This order, signed by Keitel, though issued in Hitler’s name, was accepted by all the soldiers and all the officers of the fascist army as a personal order from Hitler. What conclusions the German soldiery drew from this order of Keitel’s is confirmed by a communication of the Extraordinary State Commission, to which I shall now refer. It deals with the atrocities committed in the city of Minsk by the German fascist invaders.
I submit this document to the Tribunal as Exhibit Number USSR-38 (Document Number USSR-38). It contains an excerpt from the testimony of the president of the military tribunal of the 267th German Rifle Division, Captain Julius Reichhof. I would ask the Tribunal to turn to Page 215 of the document book, to Column 1 of the text. I quote from the communication of the Extraordinary State Commission on the subject of Julius Reichhof’s testimony:
“According to an order issued by Hitler, German soldiers could not be committed to trial by court-martial for acts committed against Soviet citizens. The soldier could be punished only by the commander of his own unit, should the latter deem the punishment necessary. By the same order Hitler granted even more extensive rights to all German Army officers. They could destroy the Russian population according to their own discretion.

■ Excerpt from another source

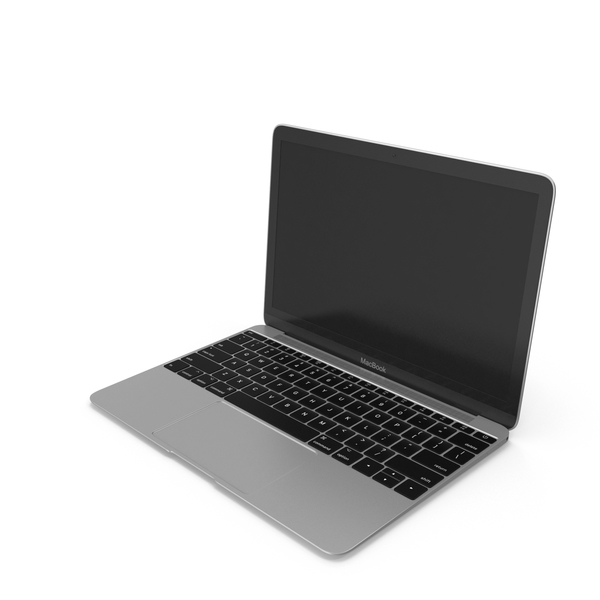 Laptop: MacBook PNG & PSD Images Laptop: MacBook PNG & PSD Images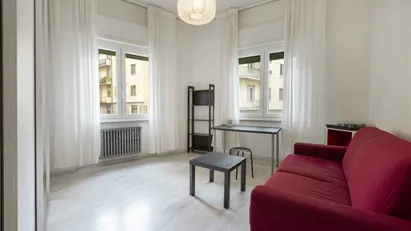 Apartment for rent in Florence, Toscana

“The commander had full right to apply punitive measures to the peaceful population: He was allowed to burn down, in toto, villages and towns, rob the population of supplies and livestock, and, on his own responsibility, deport Soviet citizens to Germany for slave labor. Hitler’s order was brought to the attention of every single soldier of the German Army on the eve of the attack on the Soviet Union. In accordance with Hitler’s order, the German soldiers, under the leadership of their officers, committed all sorts of atrocities.”
But even this appeared insufficient to the Hitlerite leaders. In 1942 they considered it necessary to reconfirm, by a sharp directive brooking no exception, that any crime perpetrated by the German fascist soldiery against the peaceful citizens of the Soviet Union should go completely unpunished. The Reich and military leaders particularly emphasized the fact that atrocities committed should so remain unpunished, even if the victims of these atrocities happened to be women and children.
THE PRESIDENT: What was the reference to what you called “sharp directive”?
MR. COUNSELLOR SMIRNOV: I will at once submit to the Tribunal this directive as Exhibit Number USSR-16 (Document Number USSR-16). It is a photostatic copy of the document certified by the Extraordinary State Commission. The Tribunal will find the text of this directive on Page 219 of the document book. This directive is signed by Keitel and entitled “The Combating of Guerrillas.” The document is dated 16 December 1942. I will quote this document practically in full, starting with the title.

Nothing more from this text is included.